Stored data:

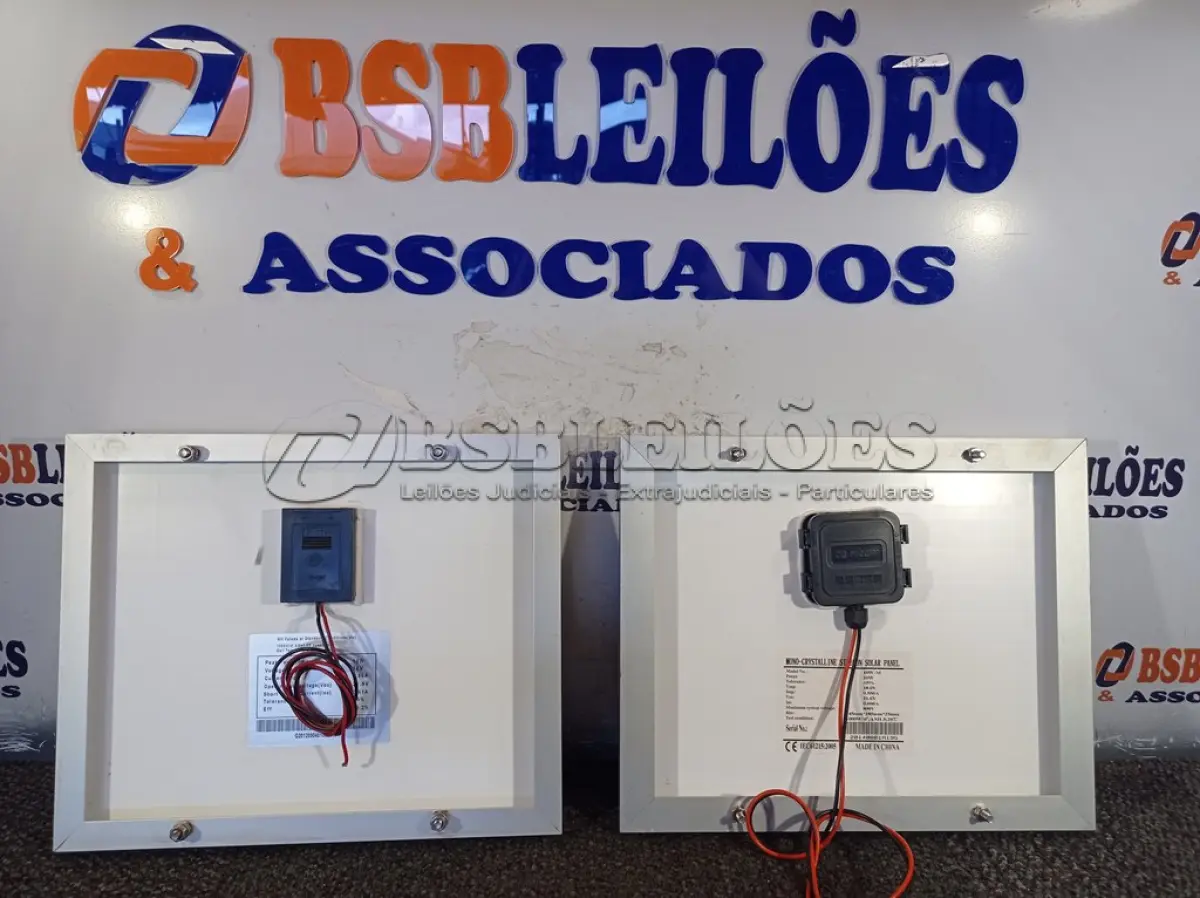 LOTE 242 - 02 PAINÉIS SOLARES 18V 10W. (NO ESTADO) ATENÇÃO! FAZER A VISITAÇÃO ANTES DE ARREMATAR, NÃO SABEMOS SE FUNCIONA. LEILÃO NÃO TEM GARANTIA E NEM DEVOLUÇÃO, SUJEITO A POSSÍVEIS AVARIAS VISÍVEIS/OCULTAS E/OU AUSÊNCIA DE COMPONENTES.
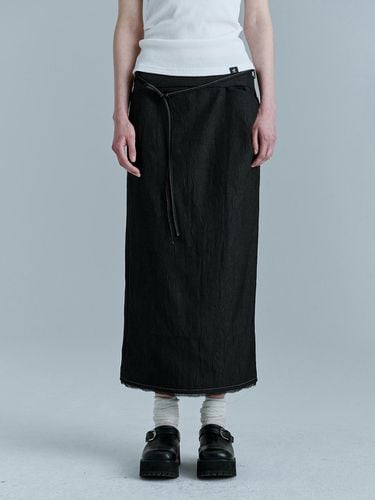 Crinkled Satin Skirt (Black) - MARGESHERWOOD - Modalova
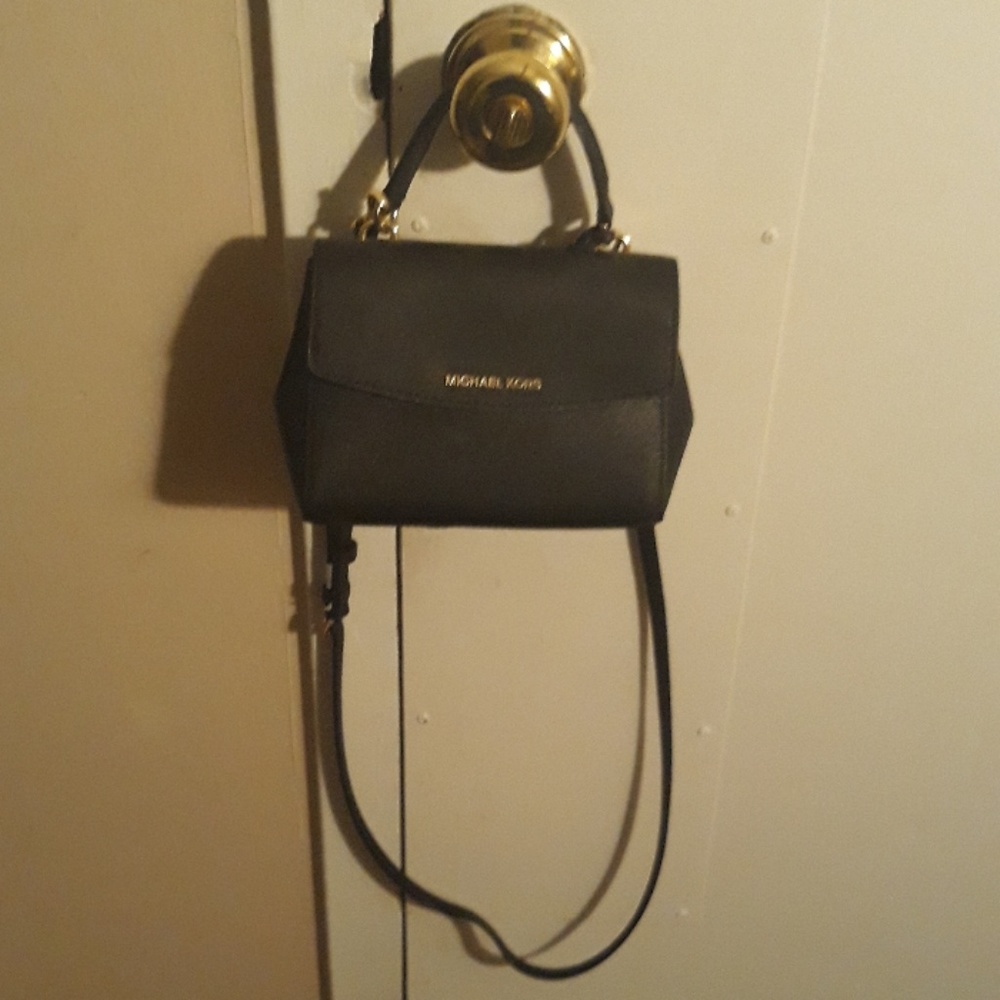 Michael Kors Hand Bag - Picture 3 of 4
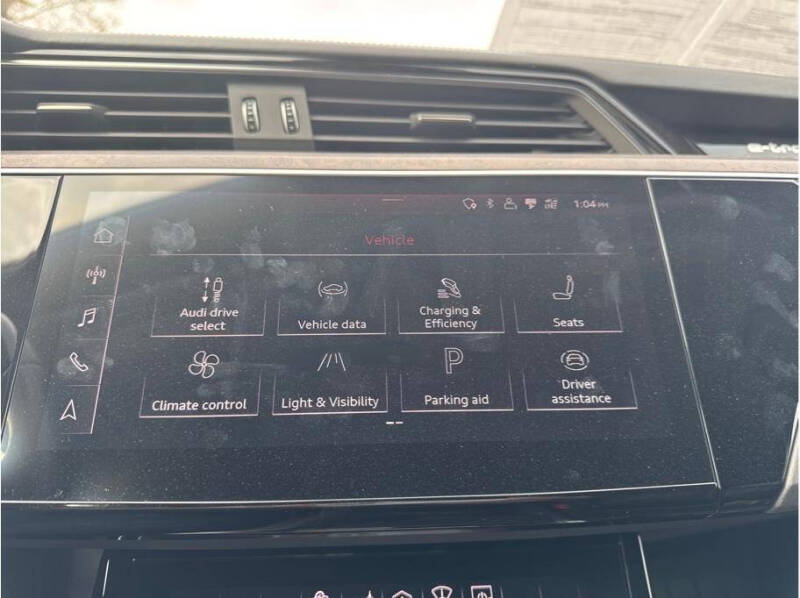 2019 Audi e-tron quattro Prestige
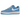 Nike Air Force 1 Low Color of the Month University Blue sneakers i sideprofil med lyseblå læderoverdel, hvid sål og klassisk hvidt swoosh-logo.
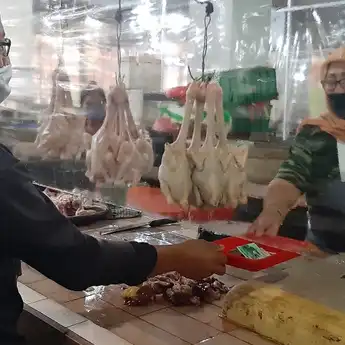 Puluhan Pasar Tradisional  Surabaya Dilengkapi Tirai Plastik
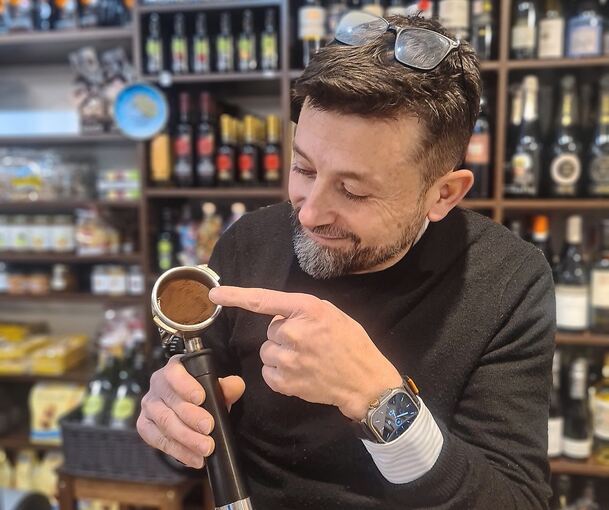 Alessandro Gregorio zeigt, worauf es beim Kaffeemachen ankommt.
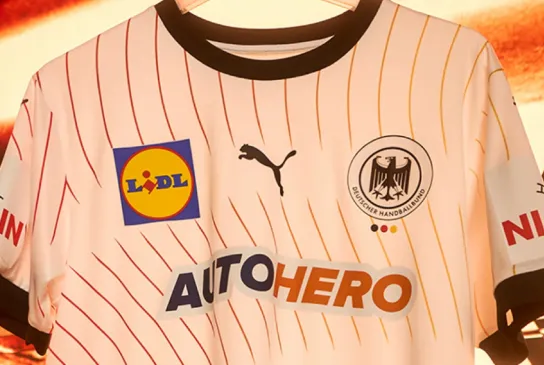 23AW_SOCIAL_TS_Handball_DHB_WHITE_10_1x1.jpg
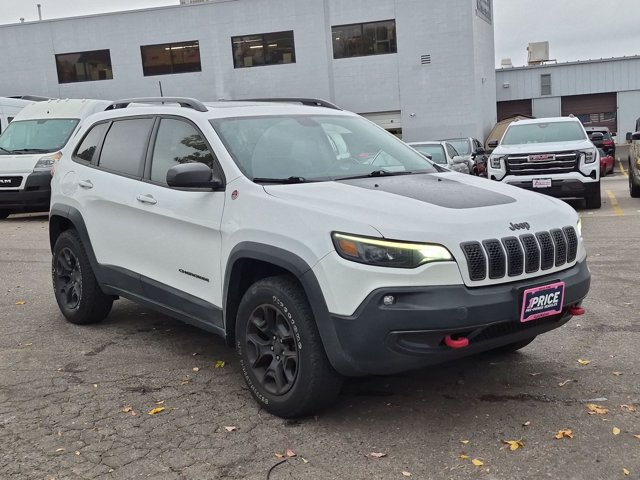 Used 2019 Jeep Cherokee Trailhawk AWD/4WD image 3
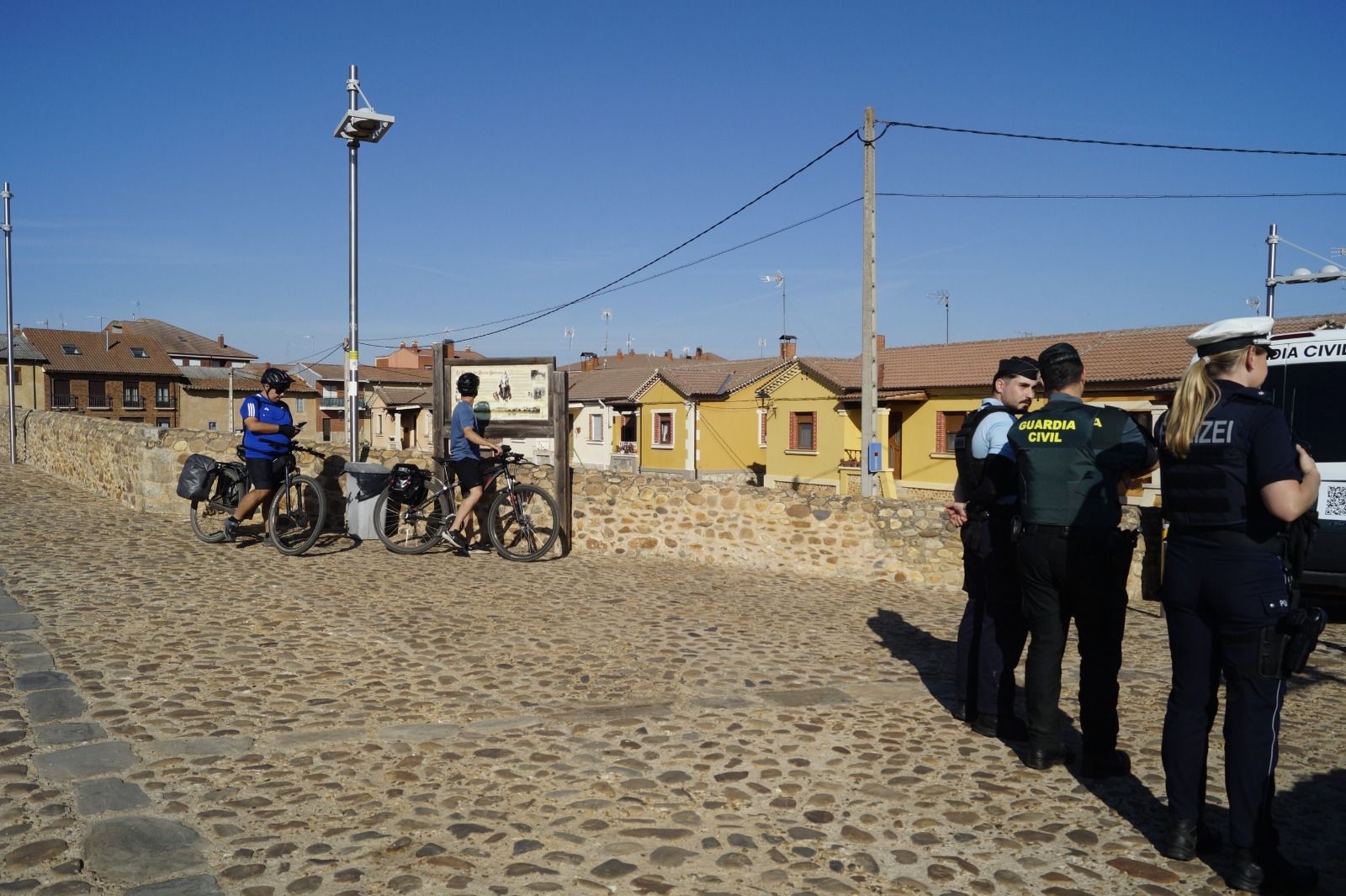 Peregrinos haciendo el Camino de Santiago a su paso por la localidad leonesa de Hospital de Órbigo. | L.N.C.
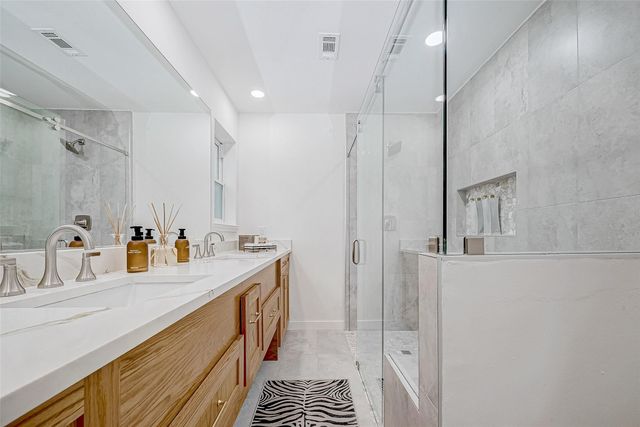 2607 Moss Hill Drive, Houston, TX 77080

Work task: Could the entries above be written out word for word, pictures excluded?

Output for this exercise:
 LOTE 242 - 02 PAINÉIS SOLARES 18V 10W. (NO ESTADO) ATENÇÃO! FAZER A VISITAÇÃO ANTES DE ARREMATAR, NÃO SABEMOS SE FUNCIONA. LEILÃO NÃO TEM GARANTIA E NEM DEVOLUÇÃO, SUJEITO A POSSÍVEIS AVARIAS VISÍVEIS/OCULTAS E/OU AUSÊNCIA DE COMPONENTES.
 Crinkled Satin Skirt (Black) - MARGESHERWOOD - Modalova
 Michael Kors Hand Bag - Picture 3 of 4
 2019 Audi e-tron quattro Prestige
 Nike Air Force 1 Low Color of the Month University Blue sneakers i sideprofil med lyseblå læderoverdel, hvid sål og klassisk hvidt swoosh-logo.
 Puluhan Pasar Tradisional  Surabaya Dilengkapi Tirai Plastik
 Alessandro Gregorio zeigt, worauf es beim Kaffeemachen ankommt.
 23AW_SOCIAL_TS_Handball_DHB_WHITE_10_1x1.jpg
 Used 2019 Jeep Cherokee Trailhawk AWD/4WD image 3
 Peregrinos haciendo el Camino de Santiago a su paso por la localidad leonesa de Hospital de Órbigo. | L.N.C.
 2607 Moss Hill Drive, Houston, TX 77080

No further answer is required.